Multiple load balancers can be used for redundancy or load distribution. Résumés are managed by workers to assure that load balancer’s have the same information about worker skills.

Status

The current version of the load-balancer should be considered experimental. We’re currently testing it in production.

The documentation is a bit thin, but there are extensive doctests.

Request Classification

You need to provide a request-classification function that takes a WSGI environment and returns a request class string.

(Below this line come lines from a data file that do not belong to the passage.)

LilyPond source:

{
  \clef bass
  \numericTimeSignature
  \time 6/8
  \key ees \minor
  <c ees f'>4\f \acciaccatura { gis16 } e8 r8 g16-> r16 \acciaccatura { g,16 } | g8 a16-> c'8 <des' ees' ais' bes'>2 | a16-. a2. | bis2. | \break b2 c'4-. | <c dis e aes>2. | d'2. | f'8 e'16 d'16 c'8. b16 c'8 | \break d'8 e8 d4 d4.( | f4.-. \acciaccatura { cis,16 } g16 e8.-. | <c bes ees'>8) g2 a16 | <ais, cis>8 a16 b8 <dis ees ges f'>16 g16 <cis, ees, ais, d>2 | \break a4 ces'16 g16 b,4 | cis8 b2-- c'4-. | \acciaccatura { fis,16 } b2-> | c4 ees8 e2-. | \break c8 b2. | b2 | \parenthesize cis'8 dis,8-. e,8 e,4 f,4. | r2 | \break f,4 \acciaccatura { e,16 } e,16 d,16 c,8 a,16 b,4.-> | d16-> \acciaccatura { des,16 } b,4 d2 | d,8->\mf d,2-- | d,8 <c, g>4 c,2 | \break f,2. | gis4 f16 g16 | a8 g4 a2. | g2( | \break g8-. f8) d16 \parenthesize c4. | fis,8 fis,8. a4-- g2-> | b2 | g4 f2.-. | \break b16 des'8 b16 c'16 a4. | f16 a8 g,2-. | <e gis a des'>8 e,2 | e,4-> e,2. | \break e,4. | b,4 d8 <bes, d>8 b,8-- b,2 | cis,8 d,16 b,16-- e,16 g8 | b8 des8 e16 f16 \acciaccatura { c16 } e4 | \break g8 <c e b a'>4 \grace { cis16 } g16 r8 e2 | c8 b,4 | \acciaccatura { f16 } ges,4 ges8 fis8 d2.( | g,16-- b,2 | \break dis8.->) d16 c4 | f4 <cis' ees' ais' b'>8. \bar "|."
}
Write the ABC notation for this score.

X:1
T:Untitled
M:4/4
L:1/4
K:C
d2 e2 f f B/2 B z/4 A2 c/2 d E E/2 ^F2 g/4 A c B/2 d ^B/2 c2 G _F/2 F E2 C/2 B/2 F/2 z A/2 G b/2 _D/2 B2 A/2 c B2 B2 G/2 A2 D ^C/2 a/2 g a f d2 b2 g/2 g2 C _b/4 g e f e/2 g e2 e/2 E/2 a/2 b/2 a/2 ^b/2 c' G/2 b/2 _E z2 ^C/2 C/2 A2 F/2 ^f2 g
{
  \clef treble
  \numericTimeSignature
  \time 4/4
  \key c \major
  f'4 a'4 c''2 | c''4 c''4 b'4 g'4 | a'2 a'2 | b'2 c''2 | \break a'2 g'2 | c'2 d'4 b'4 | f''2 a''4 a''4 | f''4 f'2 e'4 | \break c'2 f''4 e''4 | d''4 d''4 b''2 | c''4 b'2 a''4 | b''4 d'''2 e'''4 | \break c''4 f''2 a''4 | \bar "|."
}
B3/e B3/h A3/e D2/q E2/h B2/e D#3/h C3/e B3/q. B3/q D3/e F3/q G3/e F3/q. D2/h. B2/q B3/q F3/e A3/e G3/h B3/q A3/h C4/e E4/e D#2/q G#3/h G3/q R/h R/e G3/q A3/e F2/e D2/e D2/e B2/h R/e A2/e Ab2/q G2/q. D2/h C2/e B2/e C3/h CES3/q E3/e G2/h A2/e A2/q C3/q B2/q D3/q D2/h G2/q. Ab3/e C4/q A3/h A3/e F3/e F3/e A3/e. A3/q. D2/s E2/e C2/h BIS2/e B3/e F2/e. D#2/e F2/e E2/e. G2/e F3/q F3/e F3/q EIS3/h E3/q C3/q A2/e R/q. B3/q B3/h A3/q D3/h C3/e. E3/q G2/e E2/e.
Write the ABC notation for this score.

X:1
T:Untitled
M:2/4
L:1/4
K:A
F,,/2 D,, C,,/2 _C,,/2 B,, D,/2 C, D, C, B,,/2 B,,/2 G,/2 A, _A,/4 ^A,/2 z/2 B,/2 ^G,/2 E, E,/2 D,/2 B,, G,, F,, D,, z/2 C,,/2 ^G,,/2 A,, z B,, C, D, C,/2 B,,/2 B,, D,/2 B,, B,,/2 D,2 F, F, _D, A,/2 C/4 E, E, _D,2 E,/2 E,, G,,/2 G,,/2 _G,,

Two classifiers are built-in:

host

The host classifier uses HTTP Host header values, normalized by removing leading “www.” prefixes, if present.

re_classifier

A general classifier (factory) that applies a regular expression with a class group to an environment value.

For example, to use the first step in a request URL path, you’d use the following request-classifier option to one of the load-balancer scripts described below:

-r 'zc.resumelb.lb:re_classifier("PATH_INFO",r"/(?P<class>[^/]+)")'

Deployment

Deploying the load balancer requires deploying each of the workers, and deploying the load balancer(s) itself. The workers are deployed much like any WSGI stack. The workers serve as WSGI servers, even though they don’t accept HTTP requests directly.

There are two built-in strategies for deploying applications, depending on whether you’re willing to drink some ZooKeeper kool-aid.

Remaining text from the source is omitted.